Spring? In What Sense?
Monday, September 12, 2011
Via HBL comes an ominous report about things on the ground in Egypt. The title just about says it all: "Egypt's Military Rulers Ignored Pleas from US as Mob Attacked Israeli Embassy."
Israel was forced to send military aircraft to Cairo to evacuate its ambassador and more than 80 diplomats after a mob, angered by the killing of three Egyptian border guards by Israeli forces last month, laid siege to the embassy. As the Egyptian police and army stood by, unwilling or unable to intervene, the rioters broke through the mission's defences and ransacked the building. The incident has plunged relations between Israel and its oldest Arab ally deep into crisis.Regarding this news story and the so-called "Arab Spring," I commend you to the last two comments of a post at this very blog after the uprisings in Tunisia and Obama's admonition to Hosni Mubarak.
Fresh details disclosed yesterday showed how narrowly an even more serious incident was averted. Both Israel and America appeared concerned that the indecent could spiral into a repeat of the US embassy siege in Tehran after the Iranian revolution of 1979, when 42 US diplomats were held hostage for 444 days.
--- In Other News ---
Another round of Jean Moroney's "Tap Your Own Brilliance" teleclasses is starting up soon and space is limited. It's also a steal at less than a couple hundred smackers. I'll quote the participant review she cites in the mailing list announcement I received: "This class makes it easier to face difficult decisions, to more quickly find paths to better solutions, and to overcome obstacles such as overload, confusion and lack of ideas. The time and money I spent thinking about thinking was a solid investment that will pay dividends for decades." All I can add to this is, "And you can use it now."
A conservative commentator makes quite a few amusing and trenchant remarks about the Obama Presidency. I disagree with the title of the article, however, which calls Obama's agenda "Obsolete." As I once said of Social Security during a "man-on-the-street" interview ages ago, "That's not an 'obsolete' idea: It was never a good idea in the first place." I was quoted, but that gem was left out. Nevertheless, I was happy to see that I was not so heavily edited as to sound like a buffoon.
Is Apple disrupting disruptive technology? This blog posting on "The New Apple Advantage" makes the best case I have ever seen for why, despite vendor lock-in and a lack of control by end-users, Apple has a competitive advantage. All that control comes at a price that people are less and less willing to pay. There is a lesson for any high-end vendor here.
4 comments:
Gus,
I'm perplexed as to how anyone who has lived a day in his life and is not a Leftist or a NeoCon could have expected post Mubarak Egypt to be anything other than a Sharia dominated, Infidel-hating movement. The whole premise of removing Mubarak is that there was a pro "democracy" movement afoot.
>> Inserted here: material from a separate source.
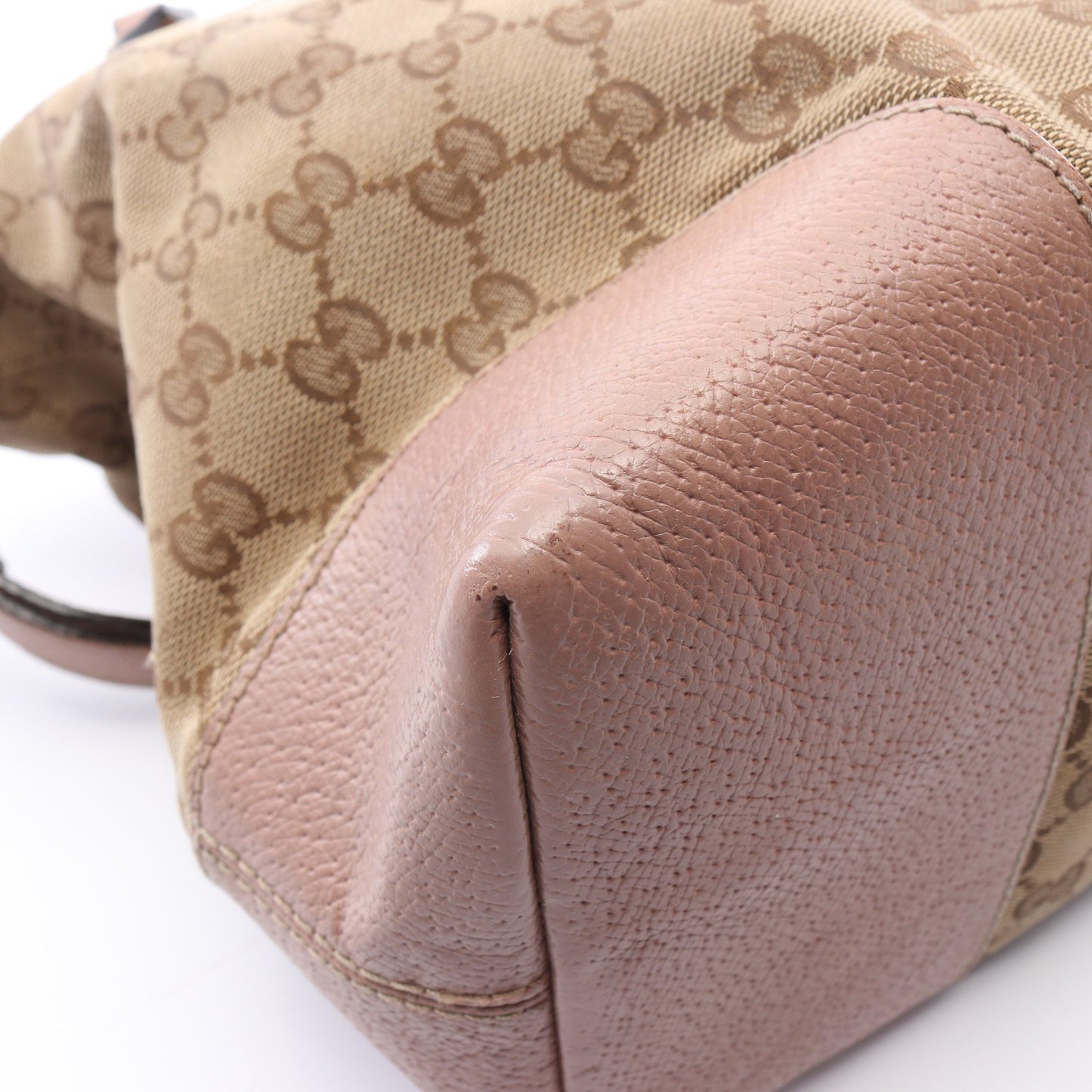 ブリー GGキャンバス 2WAY ハンドバッグ キャンバス レザー ベージュ ピンクベージュ グッチ バッグ GUCCI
That should immediately give one cause for expecting the worst because the term "democracy" reveals that anyone who uses it is an idiot - plain and simple. As Ed Cline so brilliantly put it: Democracy + Islam = Jihad.
That's what the movement in Egypt is really all about. It is not any "Arab Spring". It is the continuation of the Jihad revivalism which has been going on for over 100 years. What is the first thing that the Egyptians have done since their "lust for democracy"? That's right. Attempt to kill Jews. As they must because it is dictated by their religion.
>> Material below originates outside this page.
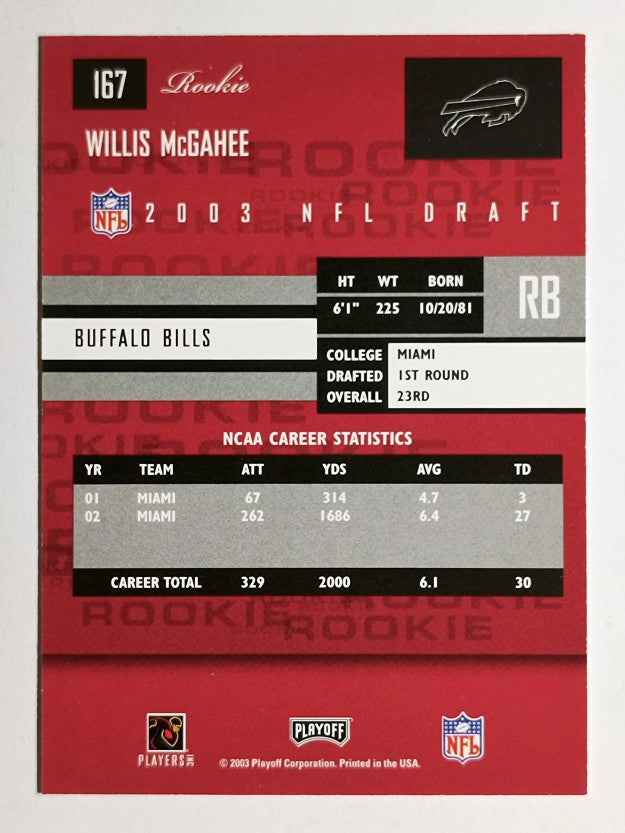 2003 Playoff Prestige #167 Willis McGahee RC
All democracy does is unleash the mob. What do mobs of Muslims believe in? Only one thing. Islam. And Islam is constitutionally violent and inherently warlike. I don't see how non-Leftists and non-NeoCons can't see this after our experience with Muslim belligerence 10 years since 9/11.
Much of the problem is wishful thinking, made dangerous by a failure to appreciate the motivating role of philosophical ideas or the predominant nature of the ideology of Islam.
Rats, you fixed the "indecent" typo before I could comment on it.
What was it? I'm serious. After posting this before five (whatever the blog post time stamp says, it's knackered), I worked feverishly on a document I am preparing for four hours and attended to a continually-awake baby ever since, until now (8:30 pm in this time zone). This post is already a distant memory!